Assistant Sports Editor
For anyone who is a fan of college sports, or just sports in general, there is that one team that just makes your skin crawl. It may be the Yankees or Red Sox, Duke or North Carolina, or some other pair of fan bases that has had success, but the fact remains the same: nothing tops beating your rival.
Wednesday night Duke went on a 14-4 run in the last few minutes capped by an Austin Rivers’ buzzer beater to knock off bitter rival North Carolina. As an avid Duke fan, I found myself running around in elation like a 10-year-old who just got their first Nintendo64.
That is what sports can do for us. It can take a well-adjusted, somewhat-mature college student and reduce them to a lunatic living totally in the moment because of something that someone else did.
On Saturday night, Kansas and Missouri played one of the best college basketball games that I have ever seen. Much like Duke and North Carolina, these schools are very close and have been playing each other for so long that nobody in attendance at the first game is alive at this juncture.

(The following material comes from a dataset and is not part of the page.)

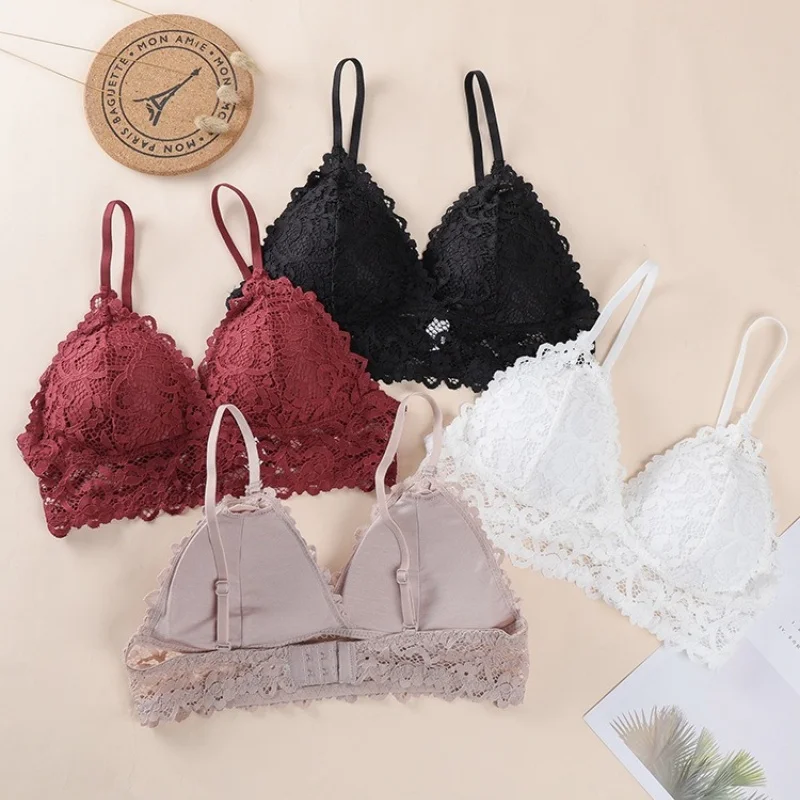 Women Triangle Bralette French Style Wireless Bra Sexy Lingerie Padded Bra Delicate Floral Lace Underwear Daily Wear One Size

However, with Missouri heading to the SEC next season, it could have been the last game we ever see between the two schools. This is the reality of this era of college sports where money and football rule everything.

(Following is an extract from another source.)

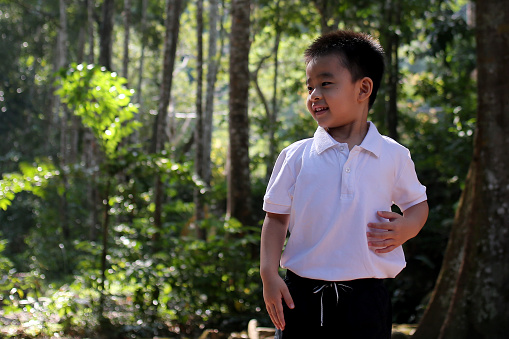 Portrait of an Asian preschool age boy in nature reserve forest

Football decisions are endangering some of the biggest rivalries in basketball. Missouri is leaving one of the most competitive basketball leagues in America to play in the most competitive football conferences where they will be a non-factor.
This is not the first instance of this happening. When the ACC raided the Big East in 2005, taking Boston College, Miami and Virginia Tech, UConn coach Jim Calhoun said he would never schedule BC ever again. This effectively ended the only major college basketball rivalry in New England.
Now Syracuse, West Virginia and Pittsburgh are all leaving the Big East and some of the best rivalries in basketball. And for what? Money and football.
Games that are likely to be gone forever are Pitt and West Virginia, Syracuse and Georgetown, Syracuse and UConn, UConn and Providence, and Syracuse and St. John’s. These classic Big East showdowns will be replaced by Memphis and Southern Methodist or Marquette and Central Florida.
Fans are not going to want to sit outside of Madison Square Garden in early March waiting for tickets to see the opening round matchups between schools from the Midwest. The league was built on the backs of St. John’s, Georgetown, Syracuse and UConn and as of now, the only relevant one of those schools is bolting the Big East and taking their history with them.
Most rivalries will persist as some coaches will set their egos aside and still schedule those teams, but do not expect any more classics between UConn and the departed.
As we have learned in the past, Jim Calhoun is less fond of deserters than the military.
So enjoy the next year and a half of college basketball, because after next April everything is going to be completely different.